One of our parishioners posted this capture on facebook with a note reminding us this would be the last Christmas in the old church. It’s a long story connected with the parish founding. As was told to me, the founding pastor was instructed to build a school first, including a gymnasium. It was later decided that the school wasn’t needed right away, and that the largest room in the complex could be converted from indoor athletics for worship.
More than twenty years later, the first windows were cut into the upper walls. Three groups of three. You might also note patterns of three in that dark-stained wood behind our younger deacon and retired pastor. The windows will remain, but the dark wood will all be gone by mid-2020, if all goes according to plan.
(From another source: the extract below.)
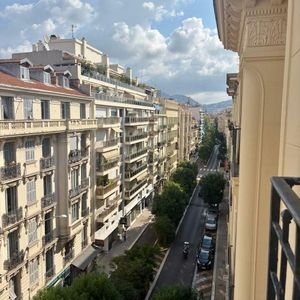 Property in Carre d'Or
This will be my fourth church renovation. The first was an update of a 1945 building that took seven months. We worshiped in the city’s high school gymnasium–and it was fairly bright. The second was minor–it involved about a month in the parish school auditorium to re-do the sanctuary area. The third was the clean-up from an arson attack and took seven months in public facilities and other churches.
The plan in the books is about a year in the parish social hall. We’ll begin a week or two after Triduum.
I find myself both bothered and amused at the criticism I used to see levelled at “non-traditional” churches, whatever that means. For many parishes–and even their clergy–buildings were imposed by diocesan fiat, or by financial necessity. If I were on staff or consulting with a spanking-new parish, I’d tell them to forget the school and rectory. Build the church first. It’s the most important task they’ll undertake in the early days.
I visited a parish once for a job interview. Sunday Mass was in the school auditorium. It had been so for almost thirty years. I recall the parish was in heavy debt for building its school and had never really mastered it. No church building was on the horizon. It was very sad.